The barn-like wooden building was in good condition. On entering it Peary lit a lamp – the last of his oil – and peered about. There were tables, chairs
, crates of food and enough fuel to see them through the winter. He lit the kitchen range and a stove in the officers’ quarters before admitting to Henson that he no longer had any feeling in his legs. Henson took a knife and sliced through Peary’s sealskin boots and the rabbit-skin undershoes beneath. His legs were frostbitten to the knees. When Henson pulled away the undershoes the tips of several of Peary’s toes came with them. Dedrick amputated six toes on the spot. Later, as they festered in the darkness of Fort Conger, Dedrick removed another two, leaving him with just a little toe on each foot. Peary was philosophical: ‘A few toes aren’t much to give to achieve the Pole,’ he said. But he did not achieve the Pole this time. Forced to turn back by his Inuit, who had already begun to desert, he returned to Cape D’Urville. Here he recuperated until the spring of 1900, when he turned again to his task. As he explained, ‘There is something beyond me, something outside of me, which impels me irresistibly to the work.’ That year he crossed to Greenland, from where he shuffled to its northernmost point, Cape Morris Jessup, before turning back. In 1902, from Fort Conger, he and Henson sledged north through Ellesmere Island and onto the pack. They reached 84° 17’ N, but the wilderness of ice was more than they could cope with. ‘The game is off...’ Peary wrote. ‘I have made the best fight I knew. I believe it has been a good one. But I cannot accomplish the impossible.’ Retreating to ice-free waters in August 1902, he was picked up by the expedition ship and carried to America.
‘Peary Failed to Reach the Pole’ was how the New York Times greeted his return. There it was in black and white: he was a failure. Nothing could be more galling for a man who strove so desperately to succeed.
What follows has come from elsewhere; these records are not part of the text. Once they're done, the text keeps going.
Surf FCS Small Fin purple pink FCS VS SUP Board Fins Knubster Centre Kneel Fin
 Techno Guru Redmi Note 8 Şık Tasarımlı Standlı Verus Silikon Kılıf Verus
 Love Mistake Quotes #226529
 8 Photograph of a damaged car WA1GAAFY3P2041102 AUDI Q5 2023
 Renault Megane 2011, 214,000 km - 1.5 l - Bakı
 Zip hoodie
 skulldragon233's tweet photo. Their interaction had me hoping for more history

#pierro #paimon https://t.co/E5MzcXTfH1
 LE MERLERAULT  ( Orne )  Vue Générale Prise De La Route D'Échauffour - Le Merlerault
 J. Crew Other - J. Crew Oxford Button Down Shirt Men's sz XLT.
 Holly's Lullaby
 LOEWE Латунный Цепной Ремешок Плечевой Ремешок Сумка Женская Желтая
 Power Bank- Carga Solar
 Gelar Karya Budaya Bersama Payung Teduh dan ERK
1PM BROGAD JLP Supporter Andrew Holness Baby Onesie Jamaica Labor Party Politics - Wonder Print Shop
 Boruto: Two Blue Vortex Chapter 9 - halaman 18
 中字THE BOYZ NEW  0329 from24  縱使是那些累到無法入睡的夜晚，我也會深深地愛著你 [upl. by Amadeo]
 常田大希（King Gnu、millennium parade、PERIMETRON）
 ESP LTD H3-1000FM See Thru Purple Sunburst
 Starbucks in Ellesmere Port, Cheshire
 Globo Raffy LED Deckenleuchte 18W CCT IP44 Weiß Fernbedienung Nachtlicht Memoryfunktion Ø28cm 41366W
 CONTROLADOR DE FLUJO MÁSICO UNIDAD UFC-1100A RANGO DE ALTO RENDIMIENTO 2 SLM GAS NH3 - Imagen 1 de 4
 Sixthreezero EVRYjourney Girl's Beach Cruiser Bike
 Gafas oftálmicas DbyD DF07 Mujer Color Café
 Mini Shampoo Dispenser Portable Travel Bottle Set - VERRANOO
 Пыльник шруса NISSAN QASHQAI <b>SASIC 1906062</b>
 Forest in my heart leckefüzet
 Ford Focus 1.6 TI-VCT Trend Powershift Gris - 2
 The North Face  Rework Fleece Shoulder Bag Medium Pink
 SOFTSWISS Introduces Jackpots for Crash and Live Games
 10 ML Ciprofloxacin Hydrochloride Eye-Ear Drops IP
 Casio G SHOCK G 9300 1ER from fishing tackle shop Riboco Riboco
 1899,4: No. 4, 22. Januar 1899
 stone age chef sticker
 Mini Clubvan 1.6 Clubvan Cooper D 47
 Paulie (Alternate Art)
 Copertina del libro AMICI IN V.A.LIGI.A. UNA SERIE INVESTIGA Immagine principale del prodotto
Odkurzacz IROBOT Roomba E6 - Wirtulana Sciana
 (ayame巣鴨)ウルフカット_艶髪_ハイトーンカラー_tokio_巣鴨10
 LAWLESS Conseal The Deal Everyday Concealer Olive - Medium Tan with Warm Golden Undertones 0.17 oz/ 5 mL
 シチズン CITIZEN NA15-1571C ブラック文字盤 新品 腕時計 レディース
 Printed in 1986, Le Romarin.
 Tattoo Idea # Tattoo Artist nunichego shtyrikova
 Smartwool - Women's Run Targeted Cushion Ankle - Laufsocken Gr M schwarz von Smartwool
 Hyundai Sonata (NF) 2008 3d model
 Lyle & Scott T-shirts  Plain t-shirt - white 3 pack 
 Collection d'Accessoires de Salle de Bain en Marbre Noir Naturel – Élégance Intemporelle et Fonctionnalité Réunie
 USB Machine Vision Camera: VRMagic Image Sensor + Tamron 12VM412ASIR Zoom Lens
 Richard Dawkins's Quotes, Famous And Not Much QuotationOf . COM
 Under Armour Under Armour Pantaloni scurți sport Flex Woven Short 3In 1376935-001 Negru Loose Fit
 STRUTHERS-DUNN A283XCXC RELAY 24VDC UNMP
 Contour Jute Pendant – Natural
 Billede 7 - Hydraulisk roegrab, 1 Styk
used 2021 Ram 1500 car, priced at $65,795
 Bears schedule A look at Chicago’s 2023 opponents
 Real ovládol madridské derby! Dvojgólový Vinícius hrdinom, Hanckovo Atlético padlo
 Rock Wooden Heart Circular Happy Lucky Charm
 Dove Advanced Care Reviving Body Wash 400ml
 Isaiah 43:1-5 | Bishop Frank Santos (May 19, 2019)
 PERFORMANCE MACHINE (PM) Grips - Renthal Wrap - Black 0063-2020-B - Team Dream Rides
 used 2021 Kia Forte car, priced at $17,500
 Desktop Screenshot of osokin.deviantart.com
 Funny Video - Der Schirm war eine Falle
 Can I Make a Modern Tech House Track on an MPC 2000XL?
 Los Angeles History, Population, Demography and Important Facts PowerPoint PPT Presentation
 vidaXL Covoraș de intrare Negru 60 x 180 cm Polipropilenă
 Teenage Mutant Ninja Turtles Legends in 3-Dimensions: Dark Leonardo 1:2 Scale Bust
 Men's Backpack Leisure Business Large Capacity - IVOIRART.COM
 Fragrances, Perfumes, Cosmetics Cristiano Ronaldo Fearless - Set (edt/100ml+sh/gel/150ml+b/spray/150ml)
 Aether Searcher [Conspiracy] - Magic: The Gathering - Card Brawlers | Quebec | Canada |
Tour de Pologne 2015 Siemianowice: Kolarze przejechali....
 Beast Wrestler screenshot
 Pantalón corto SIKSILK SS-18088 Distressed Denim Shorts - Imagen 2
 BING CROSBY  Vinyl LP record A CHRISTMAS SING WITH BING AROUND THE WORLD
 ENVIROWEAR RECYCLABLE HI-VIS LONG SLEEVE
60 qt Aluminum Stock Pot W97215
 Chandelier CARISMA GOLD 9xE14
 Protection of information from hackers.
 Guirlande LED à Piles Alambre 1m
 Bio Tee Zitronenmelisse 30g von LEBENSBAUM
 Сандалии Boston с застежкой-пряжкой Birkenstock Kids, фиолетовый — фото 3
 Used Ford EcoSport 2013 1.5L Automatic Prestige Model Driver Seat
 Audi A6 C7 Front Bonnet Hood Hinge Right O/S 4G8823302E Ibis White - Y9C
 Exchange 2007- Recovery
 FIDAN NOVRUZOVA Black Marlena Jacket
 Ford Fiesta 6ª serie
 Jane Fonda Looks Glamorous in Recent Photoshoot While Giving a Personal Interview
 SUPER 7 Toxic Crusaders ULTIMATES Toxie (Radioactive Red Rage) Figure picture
More infuriatingly still, while Peary had been toiling uselessly in the ice above Ellesmere Island, an Italian expedition under the Duke of Abruzzi had been breaking records in the ice above Franz Josef Land, trumping even Nansen with a furthest north of 86° 33’. If sometimes Peary had considered abandoning his quest – and there had been many such times – the news of Abruzzi’s triumph gave him renewed vigour. ‘Next time I’ll smash all that to bits,’ he told Henson. ‘Next time!’ But would there be a next time? After so many failures, Peary was not quite the hero he had been. Funding was no longer so easy to find, and the Navy was adamant that he do the work for which it was still paying him. The spirit of patriotism came to his rescue. The Peary Club saw no reason why America should be beaten to the Pole by any other nation and dug into its collective pockets to furnish their man with all the equipment he required. The President, too, let it be known that he wanted Peary to try again. Bowing to Roosevelt’s wishes, the Navy informed Peary not only that he had paid leave but that he was actively instructed to try for the Pole. ‘Our national pride is involved in this undertaking,’ the Navy Secretary wrote, ‘and this department expects that you will accomplish your purpose and bring further distinction to a service of illustrious traditions.’